In one or more embodiments, the recommendation engine (202) may analyze the collected feedback to identify patterns (or trends) in user behavior (see Step 308 of FIG. 3.1). This analysis may help the recommendation engine (202) to determine which aspects of the recommendations are resonating with the user and which are not. Based on this analysis, the recommendation engine's (202) underlying models, including those for the DOM approach and the DOM, may be updated (e.g., fine-tuned, retrained, etc.) to reflect the newly acquired insights/feedback. This updating process may involve retraining the models with newer data or adjusting the models' parameters to better capture user preferences and behaviors.

In one or more embodiments, the recommendation engine (202) may engage in an iterative learning process, where the engine continuously refines its recommendation models based on ongoing user feedback. This process ensures that the recommendation engine (202) becomes more accurate and effective over time. The recommendations are dynamically adjusted to reflect the updated models, which ensures that the recommendation engine (202) can promptly respond to changes in user preferences, market trends, and/or organization strategies.

In one or more embodiments, the feedback loop may also allow the recommendation engine (202) to reevaluate and realign its recommendations with current objectives of a related organization. If priorities/objectives of the organization are shifting, the recommendation engine (202) can adapt its recommendation strategies to ensure the recommendations remain optimally aligned with these objectives. Further, the recommendation engine (202) may continuously monitor its performance, evaluating metrics such as user engagement, conversion rates, and profitability. Insights from this monitoring may be used (by the recommendation engine (202)) to further refine and optimize the recommendation generation process.

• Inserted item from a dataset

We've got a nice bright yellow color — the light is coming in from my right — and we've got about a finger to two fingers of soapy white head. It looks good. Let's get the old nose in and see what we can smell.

In one or more embodiments, the feedback loop (performed by the recommendation engine (202)) may ensure that the recommendation engine is not a static component but a dynamic component, an evolving entity that learns from user interactions and adapts to changing preferences and conditions. The feedback loop may maintain the recommendation engine's (202) relevance, accuracy, and strategic alignment, enhancing user satisfaction and driving organization success. Further, the feedback loop may encapsulate the recommendation engine's (202) ability to learn from its environment and improve over time. By establishing a robust feedback loop and engaging in continuous learning and adaptation, the recommendation engine (202) ensures that its recommendations remain highly personalized, strategically aligned, and effective in achieving desired organization outcomes, embodying a truly intelligent and responsive recommendation engine.

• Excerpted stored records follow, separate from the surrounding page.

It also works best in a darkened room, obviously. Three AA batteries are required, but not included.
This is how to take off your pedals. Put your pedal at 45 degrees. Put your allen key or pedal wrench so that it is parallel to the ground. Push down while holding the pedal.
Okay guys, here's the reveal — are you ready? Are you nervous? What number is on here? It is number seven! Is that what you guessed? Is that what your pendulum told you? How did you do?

As discussed above, the recommendation engine (202) may provide enhanced personalization. The recommendation engine (200) may dynamically adapt to user preferences and behavior in real-time, with the help of the DPO approach, ensuring that recommendations are highly personalized and relevant to each user's current context and needs. The recommendation engine (202) may also provide strategic organization alignment. Through the integration of margin optimization strategies and conformal prediction, the recommendation engine (202) may align its recommendations with objectives of organizations, particularly in maximizing profit margins. This alignment ensures that while catering to user preferences, the recommendations also contribute to a related organization's financial goals.

Further, the recommendation engine (202) may provide improved decision-making with confidence intervals. By employing conformal prediction techniques, the recommendation engine (202) may determine confidence intervals for each recommendation, offering users and decision-makers a quantifiable measure of trust in the recommendations (generated by the engine). This transparency enhances the decision-making process, allowing for more informed and risk-assessed choices. The recommendation engine (202) may provide real-time adaptability and responsiveness. The recommendation engine's (202) employment of the DOM and the TA methodology may allow for real-time adaptability to changes in user behaviors and preferences, ensuring that recommendations remain relevant and timely throughout the user interaction process.

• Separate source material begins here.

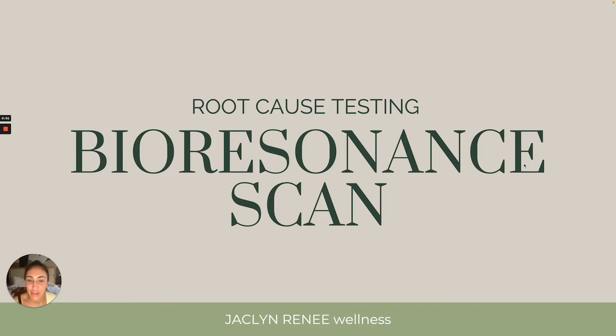Hello and welcome to this video where we are telling you all about root cause testing with the Bioresonance Scan, my personal favorite way to test root cause. Lately I've been loving it and my clients have been having so many great results from it. I am Jacqueline Renee, holistic health coach and gut health expert, and this is Luna, my dog. She'll be joining us. Let's dig in.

In one or more embodiments, the recommendation engine (202) may enable increased efficiency and scalability. The efficient design of the recommendation engine (202), particularly through the use of diffusion processes and preference optimization, ensures that the engine can handle large sets of data without compromising on performance (of the IN (200)), making the engine scalable across different organization sizes and industries. The recommendation engine (202) may also enable continuous learning and improvement. The feedback loop and continuous improvement mechanisms (employed by the recommendation engine (202)) ensure that the recommendation engine (202) evolves over time, learning from user interactions and market changes to enhance the accuracy and relevance of its recommendations.

Moreover, the recommendation engine (202) may provide risk management. By providing confidence intervals and allowing for dynamic adjustment based on real-time feedback, the recommendation engine (202) may effectively manage the inherent risks in recommendation generation processes, balancing user satisfaction with organization expectations. The recommendation engine (202) may also provide cross-industry applicability. The recommendation engine's (202) flexible and adaptive nature makes the engine suitable for various industries, from retail and e-commerce to healthcare and financial services, allowing for wide-ranging applications and benefits.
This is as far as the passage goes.